When our three sons were small, Deborah and I decided that we would not tolerate an entitlement attitude in our home. Our remedy? Teach our kids to be thankful.

Entitlement cannot coexist with gratitude.

Entitlement says that parents, businesses, siblings, government, church, life, God, and Santa owe me something. And since I am owed, there is no reason to say thanks.

Thankfulness is like kryptonite to entitlement. Kills it on contact.

And that brings us to Thanksgiving Day. After a hundred years of cities and communities declaring their own thanksgiving celebrations, in 1789 President George Washington proclaimed November 26 “as a day of public thanksgiving and prayer to be observed by acknowledging with grateful hearts the many and signal favours of ALMIGHTY GOD.

Notice that the original official Thanksgiving Day was not about being generally thankful, but about specifically thanking ALMIGHTY GOD.

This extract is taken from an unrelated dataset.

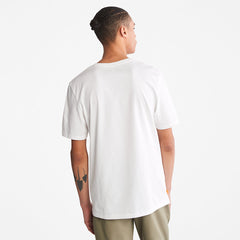 Camo-Logo T-Shirt for Men in White Timberland Outlet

Recently Americans have become obsessed with removing all God references from the conversation. With Thanksgiving, we have taken that obsession to an absurd level, not only removing God but also removing the idea of thanks from Thanksgiving Day.

Increasingly we are calling the fourth Thursday of November, Turkey Day. Are we afraid that if we call it Thanksgiving, someone might accidentally thank God?

So now, rather than thanking God once a year for his gracious provision, we eat turkey and watch football.